# Spool bearing replacement on H2O Xpress



## jdupton (Jul 14, 2007)

Does anyone know which Boca bearing replacement did you use to replace the spool bearings onthe Academy H2O xpress mettle low profile bait caster? Is it the same process to replace them as like on a curado and is it worth doing? The guy at Academy was as helpful as tits on a boar hog in trying to figure out what the bearing numbers were. Thanks in advance.


----------



## patwilson (Jan 13, 2006)

I thought they had a "Lifetime Warranty".........?

But the easy way is measure OD, ID, and width of the bearing with a mic.

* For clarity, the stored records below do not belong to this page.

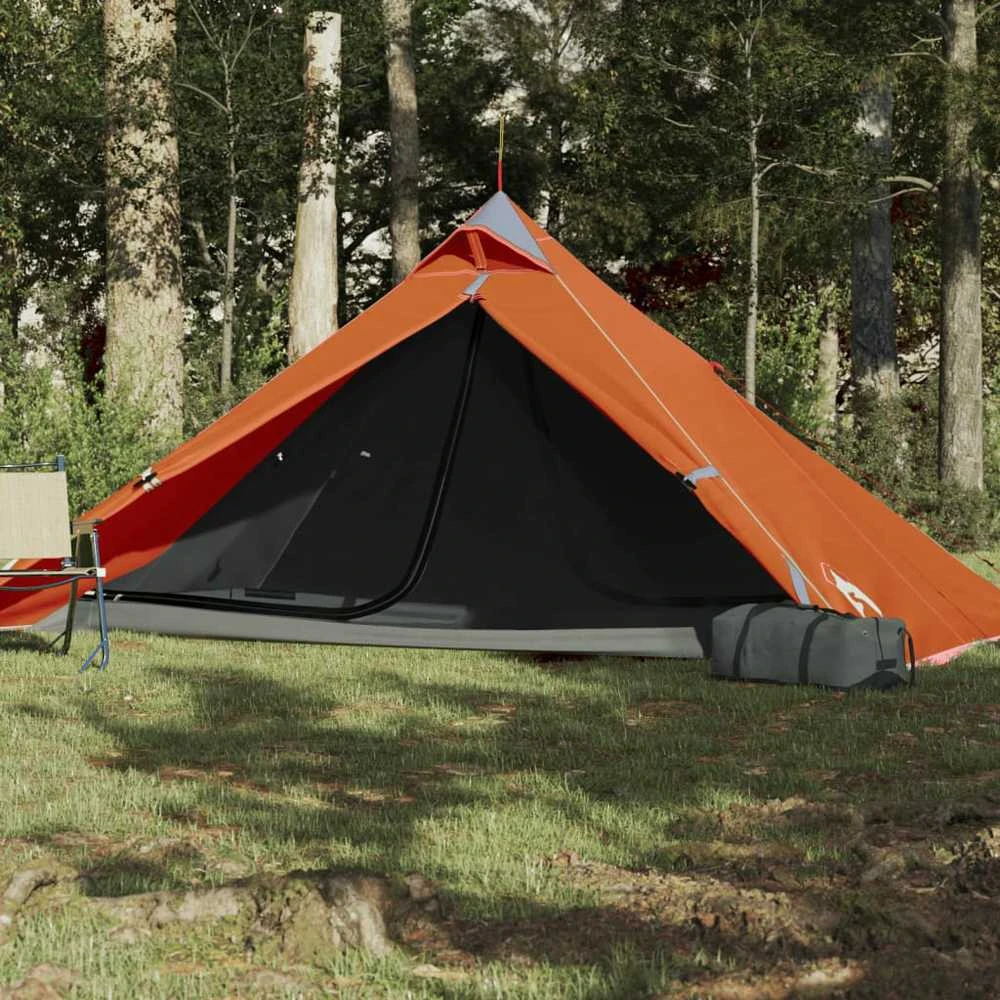 Stovyklavimo palapinė, oranžinė, vienvietė, tipi dizaino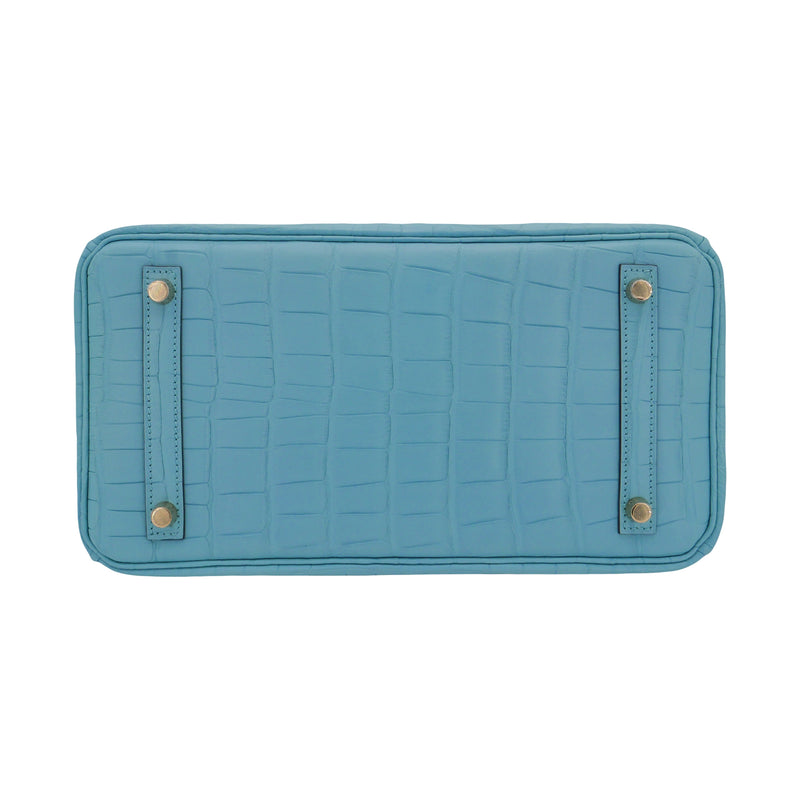 Herm�s 30cm Birkin Bleu Saint Cyr Matte Alligator Gold Hardware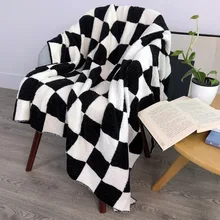 Manta de punto a cuadros para sofá cama, cobertor suave y cálido de estilo nórdico, a la moda, con entramado geométrico, para Otoño e Invierno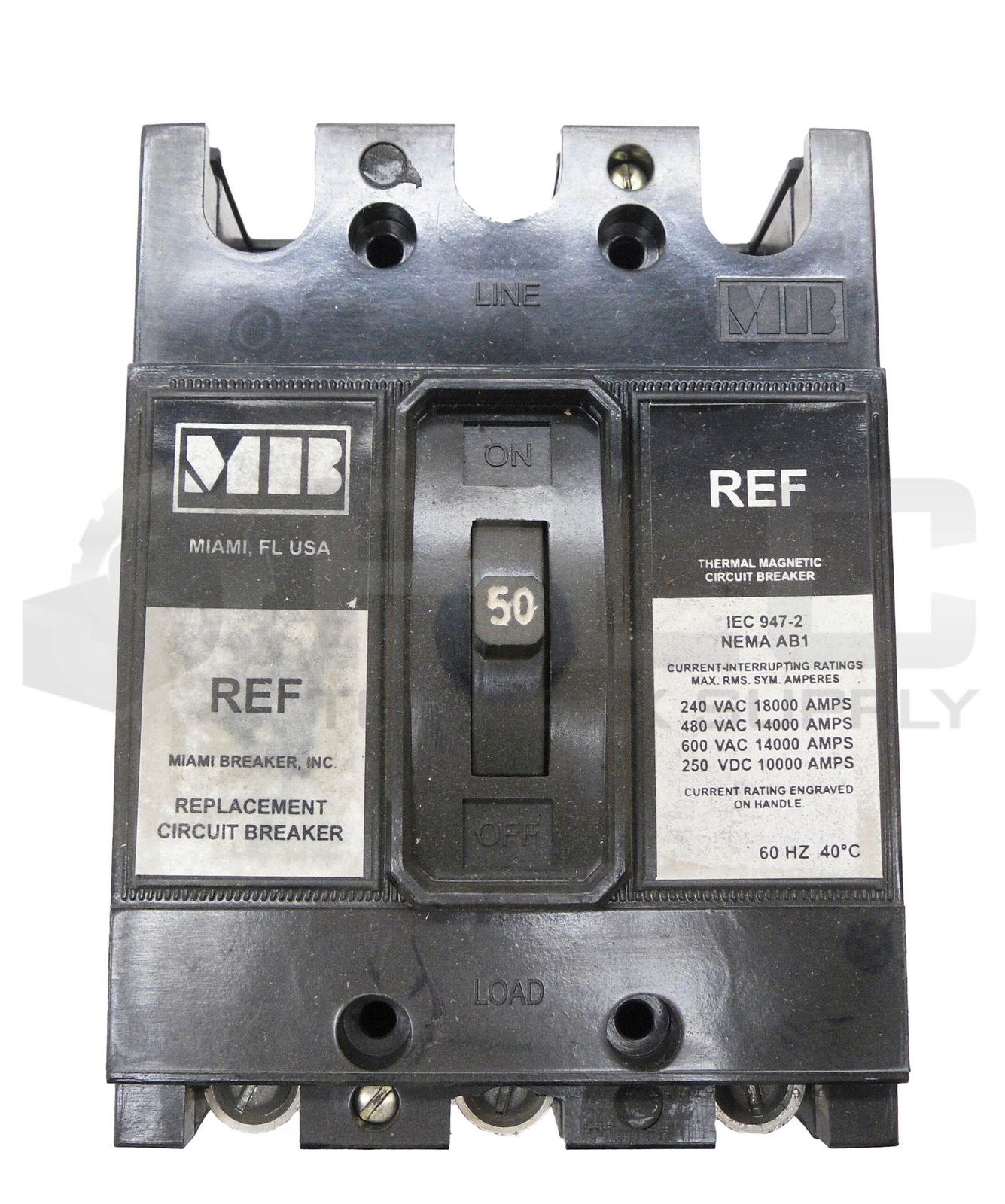 NEW MIAMI BREAKER REF3-B050 CIRCUIT BREAKER 50A 600VAC 250VDC 3 POLE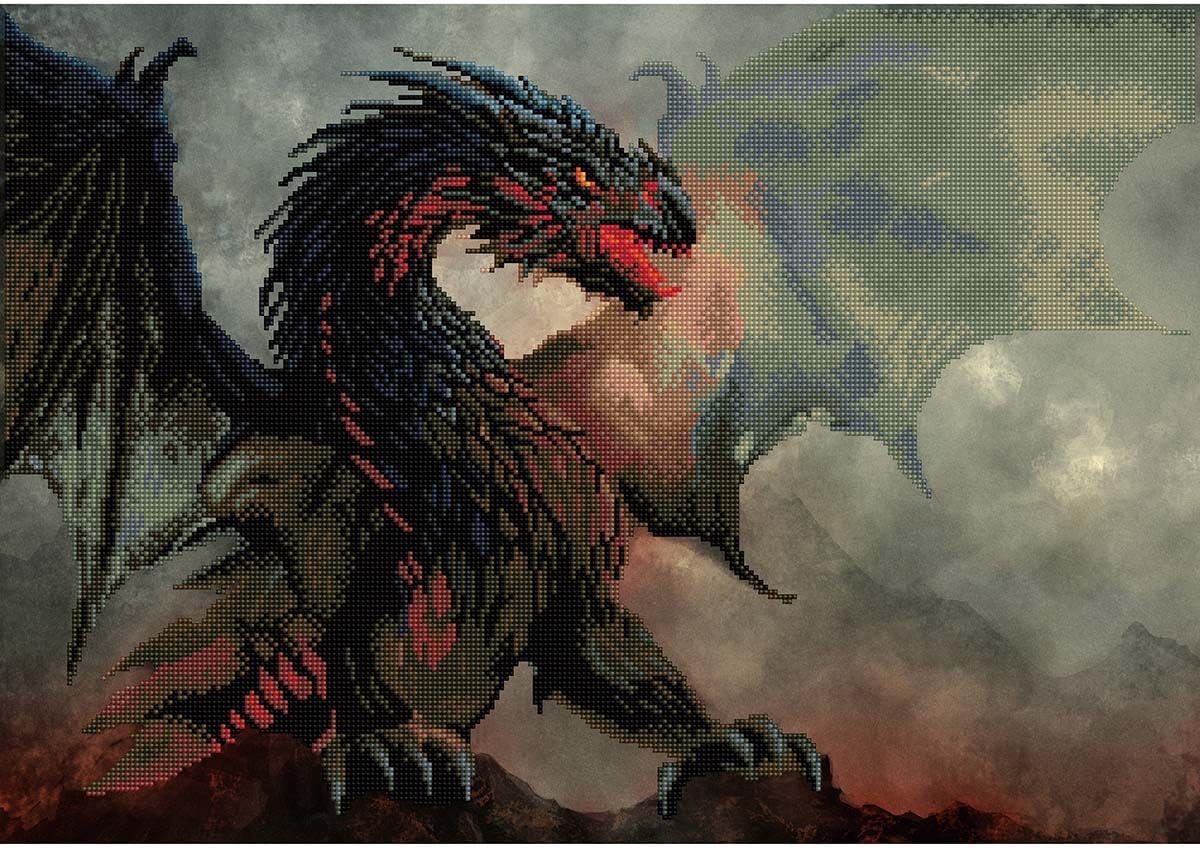 DIAMON DOT Dragon? Lai Mythica Diamon Paintin Kit fo Adult Diamon Ar Kit Relaxin Creativ Craf Ki wit Dot Gem 19.5inchx27.8inch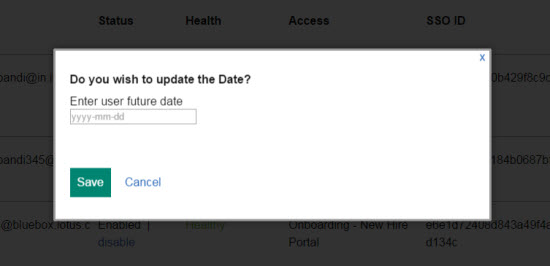 Future Date Update Confirmation dialog window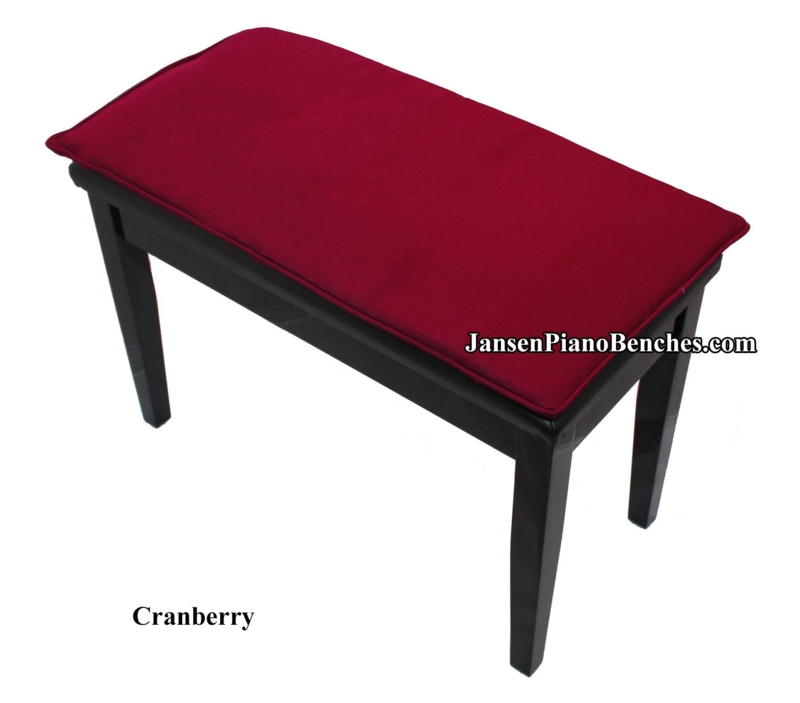 Elegant Cranberry Red Piano Bench Cushion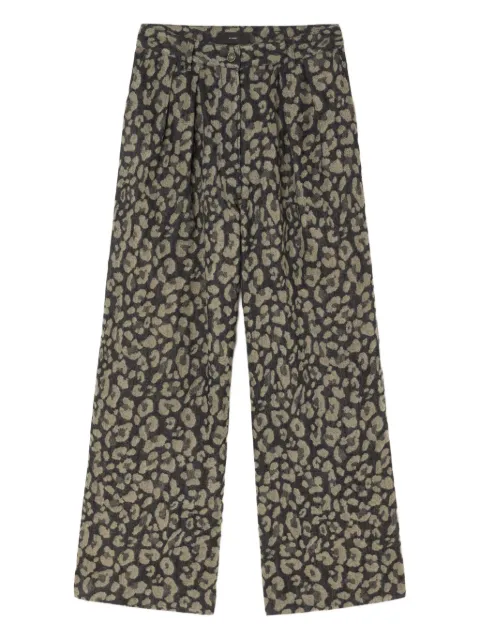 Alanui Seattle pleated leopard-print jeans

http://www.bocabearings.com/dropin.aspx?f=shimano-fishing-reel-bearing-cross-reference.txt


----------



## jdupton (Jul 14, 2007)

Ok Pat thanks for the suggestion. I can try and get my hands on a mic somewhere maybe, just didnt know if anyone had already done it and maybe knew the ones they ordered?


----------



## puma409 (Dec 8, 2011)

Should be 5x11x4


----------



## jdupton (Jul 14, 2007)

Thanks puma


----------



## Scottyboy (Mar 9, 2010)

I took an H20 apart to clean and see how there made. Real similar to shimano with the spool shaft bearing. Need a pair of needle nose to pull the pin out to get the bearing. Didn't think to check if the bearings were the same size.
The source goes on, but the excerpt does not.